Short of destroying genre lines entirely, I think that these games could revitalize a once high demand sector of video games. The later installments of the Shin Megami Tensei: Persona series — and Altus games overall — have garnered wide attention. Persona 3 and 4 captured my own attention in a way that I’d consider indentured servitude if it meant that Persona 5 would soon be within my grasp. Those games obviously pander to the same crowd by choosing a setting common to a lot of anime (a Japanese high school) but also explore themes and mechanics that we don’t commonly see in jRPGs. All of the main characters are nuanced characters and resist the stereotypical roles that other games would have shoved them into, and the games themselves have a macabre overtone. The Persona series might stick to the usual aesthetics of the jRPG, but the themes have matured with the crowd following the series instead of transporting them to the past. While saving the world is a part of it, Persona 3’s main allure is exploring the strength of interpersonal ties and what it means to live. In its sequel, you’re solving a murder mystery and entertaining LGBT issues with some of your party members. These aren’t topics that you’d find in your favorite SNES RPGs and their predecessors. This doesn’t devalue jRPG classics, but rather implies their time has come and gone.

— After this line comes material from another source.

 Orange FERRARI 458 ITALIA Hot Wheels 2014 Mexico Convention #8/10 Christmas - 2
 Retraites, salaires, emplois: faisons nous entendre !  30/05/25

Ultimately, the context surrounding Final Fantasy XIII-2 describes what feels like the drawn out death of a genre. Artistic risks are treated with extreme disdain and the most blatant fan service is encouraged. Games are just another arrangement of the same mechanics alongside a thin story that barely justifies their presence, and aren’t we past that? Given the hyperactive cycle of the game industry, fans eventually are going to get bored of playing the same ol’ thing, especially when other genres are adapting jRPG elements to fit into their own arsenals. That might describe how I’m feeling about jRPGs now, bored and slightly disgusted. Developers will find themselves scrambling (if they aren’t already) when fans abandon their monopoly on a tradition.

I think that jRPGs can be saved by risky behavior, as I see Persona 3 and 4 as large, smart risks. Dating sim and dungeon crawler? Nothing like what we’ve seen before and each iteration of the series opens up new possibilities for the interaction of these qualities. We hear about how the inclusion of minorities would alienate the player base, but the opposite actually happened with Kanji and Naoto in Persona 4. Instead, there was discussion about figuring out one’s sexuality and how the culture that a person lives in changes their relationship to gender. jRPGs have the maneuverability to pull off some out-there content, which Atlus consistently proves. While other RPGs struggle with immersing the player in a photorealistic fantasy world, jRPGs are inherently equipped to produce highly stylized, pleasantly bizarre head-trips. Unfortunately, looking at the jRPGs that have cropped up over the past few years, I see little evidence of breaking old habits. So I guess it’s goodbye for now.